More cars its roads, more students in its classrooms and more construction in its neighborhoods. That is what Wake County and its residents can expect in the years to come.
Right now, about 676,000 people live in the Wake County. The population is expected to grow to more than 1.1 million by 2020.
Wake County's school system will expand even faster. Currently, 108,000 students are enrolled in its public schools. Educators expect 161,000 students by 2020.
"Each time they publish an article [about this being a] wonderful place to live, there's an influx of new people. We're trying to get a handle on that and trying to stay ahead of the curve," said Dr.
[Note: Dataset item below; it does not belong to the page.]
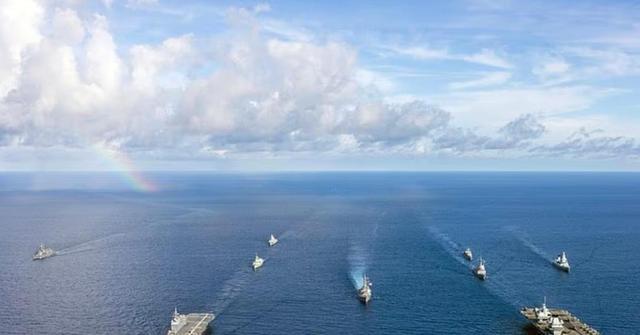 大阅兵刚结束，六国航母舰队开进东海，一艘055就能送进海底？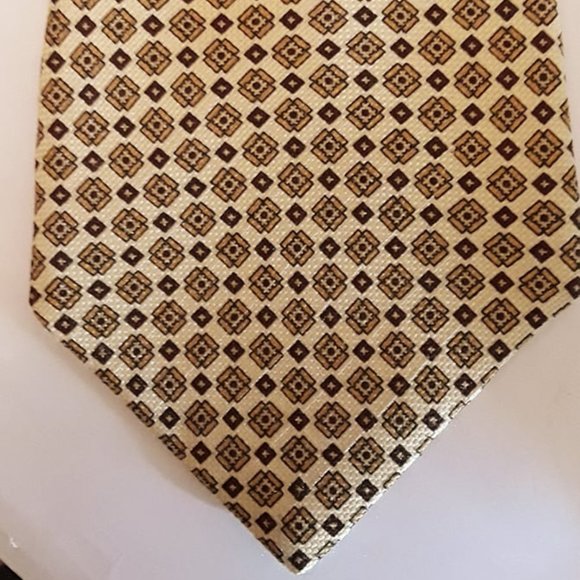 TOMMY HILFIGER - 100% SILK NECKTIE - DARK TAN WITH BROWN ACCENTS - Picture 1 of 3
Bill McNeal, Wake County school superintendent.
McNeal's solution is to build 13 new schools with funding from a $550 million bond referendum.
Even then, the school system will be playing catch-up. It is a role transportation officials know well.
The Department of Transportation hopes to relieve crowded commuter routes by planning ahead.
"Don't allow driveways everywhere up and down those routes, protect those, coordinate where entrances are going be, minimize signals," said Jon Nance of the DOT.
Kildaire Farm Road in Cary, is an example of how Wake County is planning for more traffic. Developers were required to widen the road and build sidewalks as they put up houses and businesses there.
The difference is obvious when you get to a private property line and the street improvements come to a halt.
Growth in Wake County is not likely to stop in its tracks. Even if it is tough to keep up with, local leaders said it is a good problem to have.
The DOT said work on U.S. 64 and Highway 55 should also help relieve congestion for commuters in the years to come.